|Monday, September 10, 2012
||Continental Breakfast, (registration starts, Knight Management Center)
||Morning Session (coffee break 10:20-10:40 AM)
||Lunch Break (take away lunch served)
||Afternoon Session (coffee break 3:20-3:40 PM)
The Future of Analytics
Stephen Brobst / Teradata &
Tom Fastner / eBay
This full day workshop examines the trends in analytic technologies,
methodologies, and use cases. You will learn about futures in:
- big data analytics,
- analytics in the cloud,
- agile analytics deployment methodologies,
- in-database analytics,
- new analytic paradigms such as MapReduce/Hadoop,
- text and social media analytics,
- analytic applications architecture, and
- extreme analytics case studies.
The implications of these developments for deployment of analytic capabilities
will be discussed with examples in future architecture and implementation.
This tutorial presents best practices for deployment of a next generation analytics.
We will also explore emerging trends related to extended analysis using content
from Web 3.0 applications, sensor networks, and other non-traditional data sources.
Developing Applications for Apache Hadoop
Sarah Sproehnle / Cloudera
This tutorial will explain how to leverage a Hadoop cluster to do data
analysis using Java MapReduce, Hive, Pig and HBase. It is recommended
that participants have experience with some programming language.
- Why Hadoop and MapReduce?
- Writing a Java MapReduce program
- Common algorithms applied to Hadoop such as indexing,
classification, joining data sets and graph processing
- Data analysis with Hive and Pig
- Overview of writing applications that use Apache HBase
Bringing Relational Databases and Hadoop Together
John Hax & Tom Plunkett / Oracle
Effective Big Data solutions require efficient modeling, loading, and
statistical analysis. In order to bring big data solutions mainstream it
is imperative that the modeling and loading stages become less developer
centric. The Oracle tutorial will cover the modeling, loading, and
viewing of Hadoop data within an Oracle database. Typical processing in
Hadoop includes data validation and transformations that are programmed
as MapReduce jobs. Data loading utilizes the Oracle Loader for Hadoop,
both direct loading and distributed HFS will be covered. Utilizing
Oracle Data Integrator and the Oracle Data Integrator Application
Adapter for Hadoop, developers can abstract the implementation MapReduce
jobs, including HiveQL. Statistics is the science of learning from data,
and of measuring, controlling, and communicating uncertainty; and it
thereby provides the navigation essential for controlling the course of
scientific and societal advances. In order to bring enterprise level
tools to the “R” user, Oracle has introduced a floor of “R” that brings
sophisticated, enterprise class scalability to Open Source R. The third
topic covered in the tutorial is the viewing of Hadoop and relational
datasets using Oracle “R”.
Using SciDB: an array-based analytical database for integrated complex analytics
and scientific data management
Paul Brown & Alex Poliakov / SciDB
SciDB is an open source analytical database system for use in scientific and commercial
applications that involve very large multi-dimensional data sets and scalable complex analytics.
It runs on commodity hardware grids or in a cloud.

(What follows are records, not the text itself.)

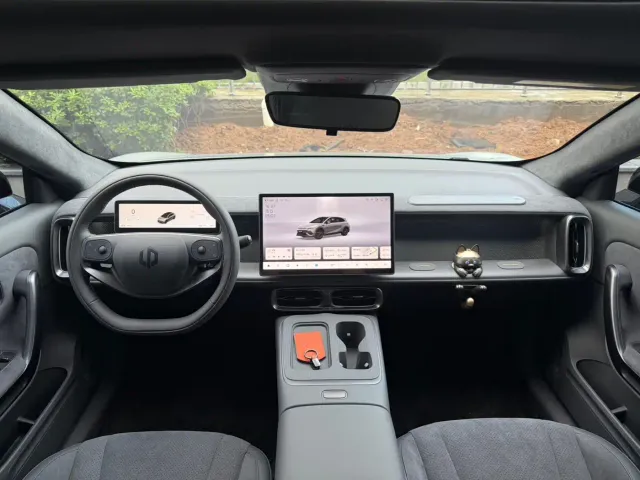 Leapmotor Lafa 5 — Фото автомобиля 10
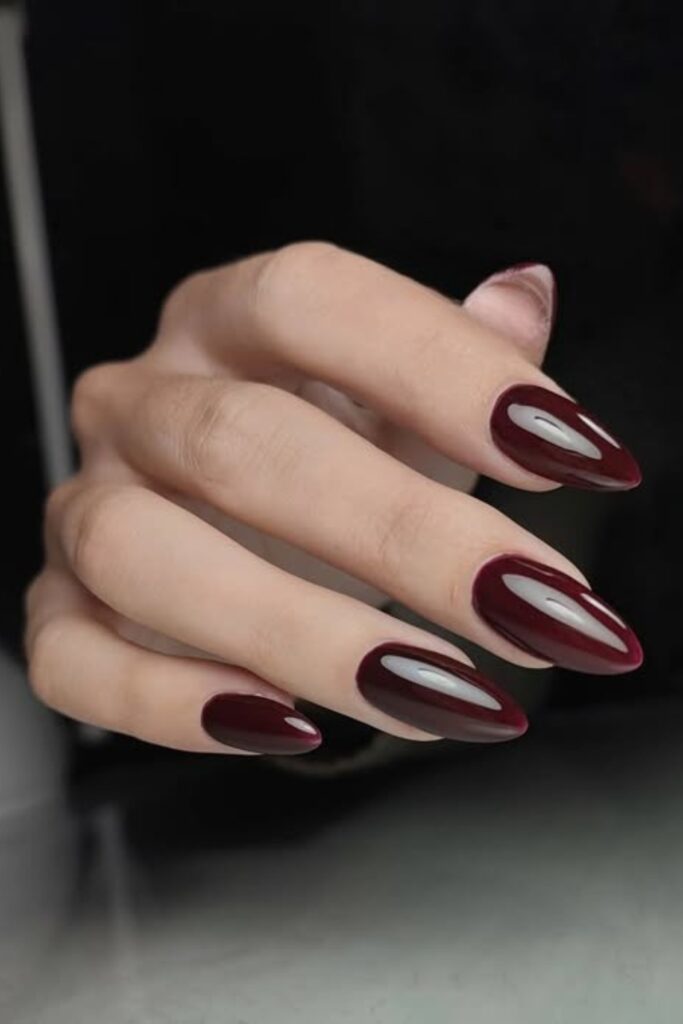 19+ Almond Nail Ideas for 2025 That Look So Chic almond nails (11)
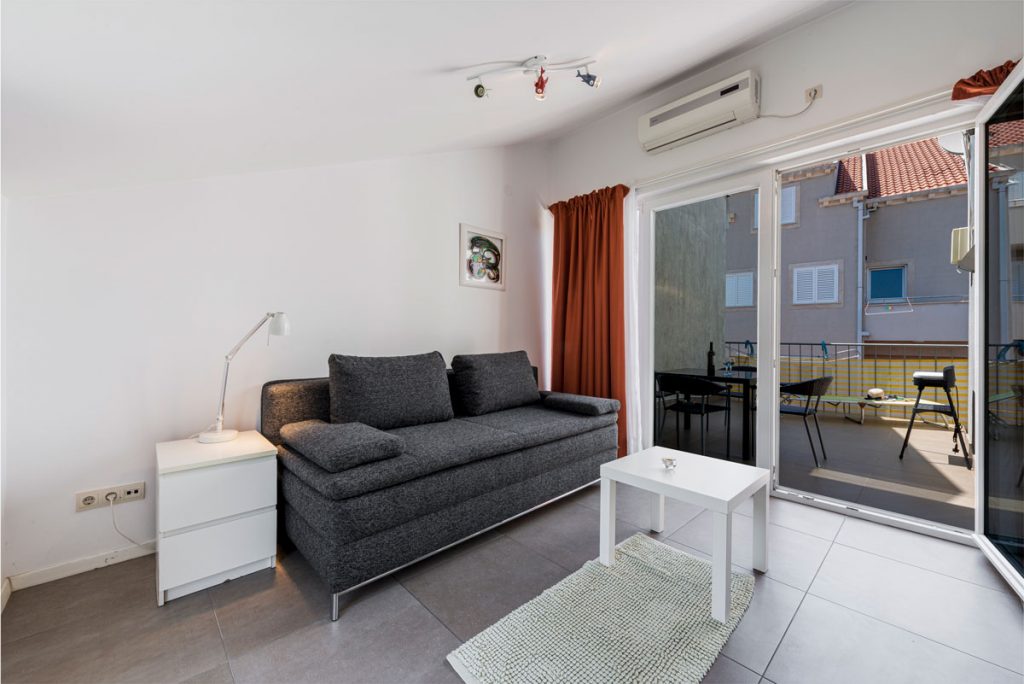 Livingroom view to the Terrace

SciDB is built to address a suite of requirements shared by scientists:
- Ingest, store, access, and manage data throughout its life cycle
- Save raw, corrected, pre-processed, and derived data, along with meta data and provenance
- Explore, filter, and drill down using rich selection criteria
- Do massively scalable complex math, modeling and simulations
- Share data across work groups and with outside organizations
- Support reproducibility of results
This tutorial presents an overview of the SciDB architecture, the array
data model, the programming and query interfaces, math library, and
data management capabilities.
We will talk about how to setup a SciDB cluster, load data from various
standard file formats (CSV, HDF5, FITS, FASTA, BAM, etc), and discuss schema
design considerations. We will walk through two use cases, one from
computational genomics and one that analyzes vegetation from satellite
imagery of the earth.
Data Structures and Algorithms for Big Databases
Bradley C Kuszmaul / MIT &
Michael A. Bender / SUNY Stony Brook
This tutorial will explore data structures and algorithms for big
databases. The topics include:
- Data structures including B-trees, Log Structured Merge Trees, and
- Approximate Query Membership data structures including Bloom filters
and cascade filters.
- Algorithms for join including hash joins and Graefe’s generalized join.
- Index design, including covering indexes.
- Consistency (row locks, multiversion concurrency).
- Getting good performance in memory.
- Cache efficiency including both Cache-aware and Cache-oblivious data
structures and algorithms.
These algorithms and data structures are used both in NoSQL
implementations such as MongoDB, HBase and in SQL-oriented
implementations such as MySQL and TokuDB.
This talk includes explaining and
analyzing data structures. So it might not be aimed at someone who
hates seeing O(N \ log N). But we'll keep the content accessible so
that anyone who can tolerate some math will benefit from attending.